# What Is The Grey Haven?



## STARMAN

i'm new to lotr,i just finsh the book for the first time yesterday,i'm just wondering what is this place,is it some kind of magical relam,a place for the dead,any help would be great.


----------



## Beorn

The Grey HavenS is a place west of the Shire. Elves go there (and in the end Frodo) and take ships to Aman, the more or less continent of the Gods, where they can rest their souls. Elves may go when they 'become weary of Middle-earth,' but mortals are rarely allowed. The reason Frodo went was because he was a ring bearer.


----------



## Dain Ironfoot

Yes, Gandalf, Galadriel, Elrond, and Frodo leaft from the Grey havens.....


----------



## daisy

As far as I understand it is a realm other than Middle Earth - maybe kind-of like Heaven but not exactly, because you don't die exactly, but it is a place of rest and peace...

I also don't know if you can come back - but there are other people on this forum who know absolutely everything so they will be able to do better than me.


----------



## Beorn

Well, I certainly do not to claim anything, but Glorfindel did return to Arda, after JRRT decided to make him a singular person...

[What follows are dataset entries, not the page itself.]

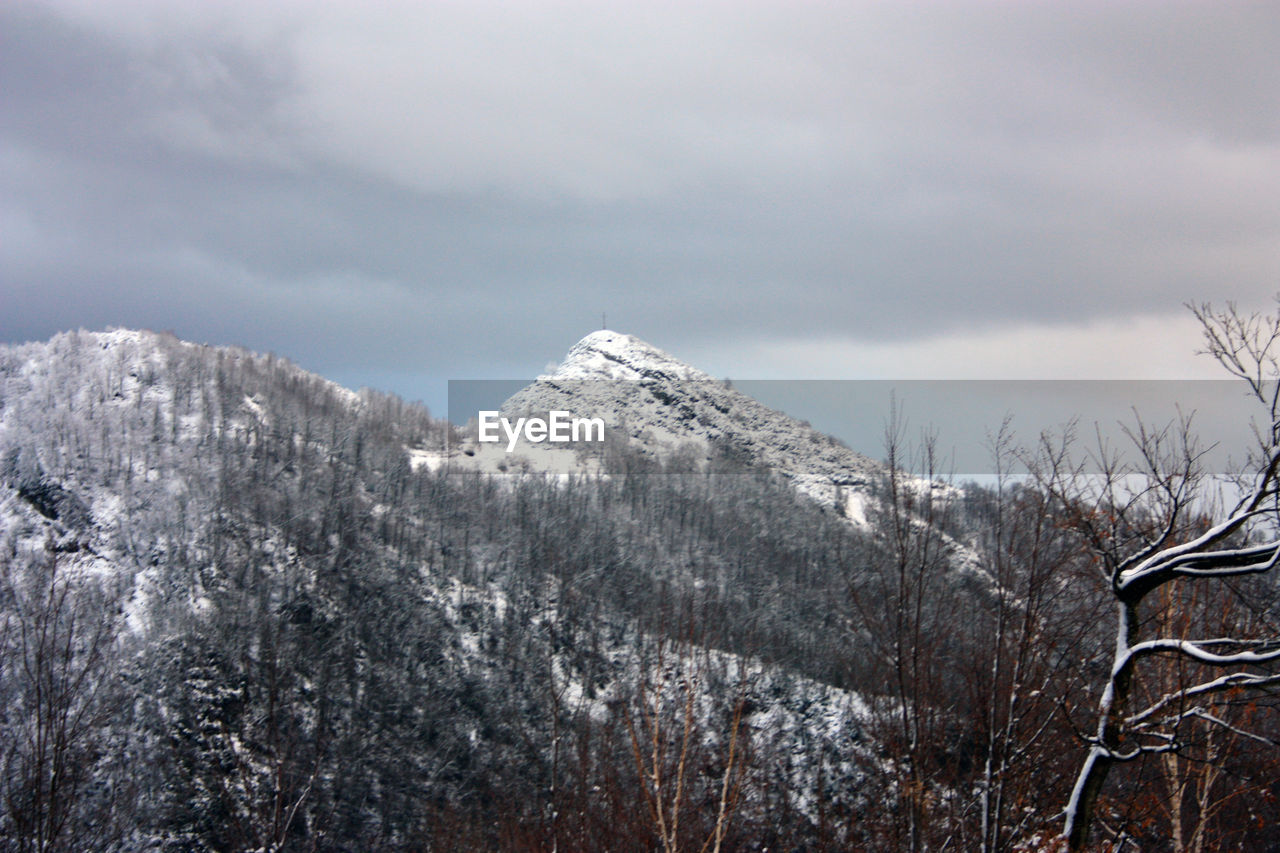 SNOW COVERED MOUNTAIN AGAINST SKY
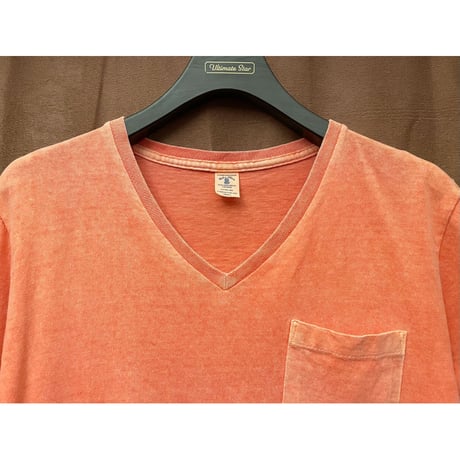 MADE IN USA製 Velva Sheen VネックTシャツ オレンジ Sサイズ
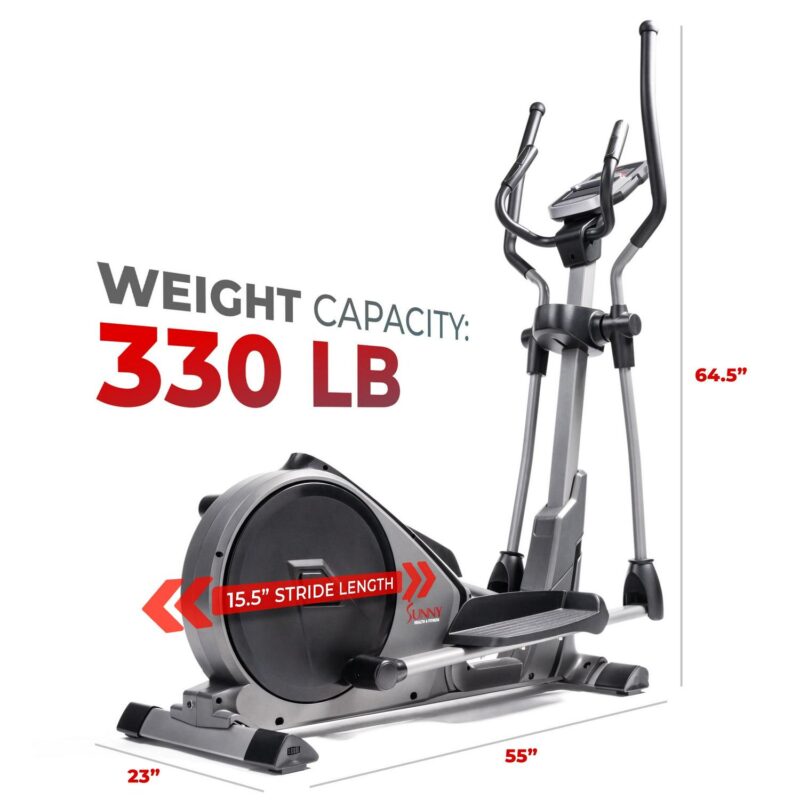 Sunny Health and Fitness Magnetic Elliptical Trainer Elliptical Machine w/ Device Holder, Programmable Monitor and Heart Rate Monitoring, High Weight Capacity - SF-E3912 - Image 4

> In summary, the notes tell us that Glorfindel's spirit returned to the Halls of Waiting, but was after a time re-embodied by the Valar. He then returned to Middle-earth (either in the mid-Second Age, or as a companion of the Istari in the Third). For the full story of his return, refer to The Peoples of Middle-earth.


Encyclopedia of Arda

However, I do not know of any other returning (hey, why would you want to!!!)


----------



## zingers

Grey Havens is the port where the Elf Master Shipwright Cidran builds the ships which transport Elves, Hobbit Ringbearers and at least one Dwarf to the Undieing Lands over the sea to the West of Middle Earth. Grey Havens lays about 20 leagues West of the West border of the Shire.


----------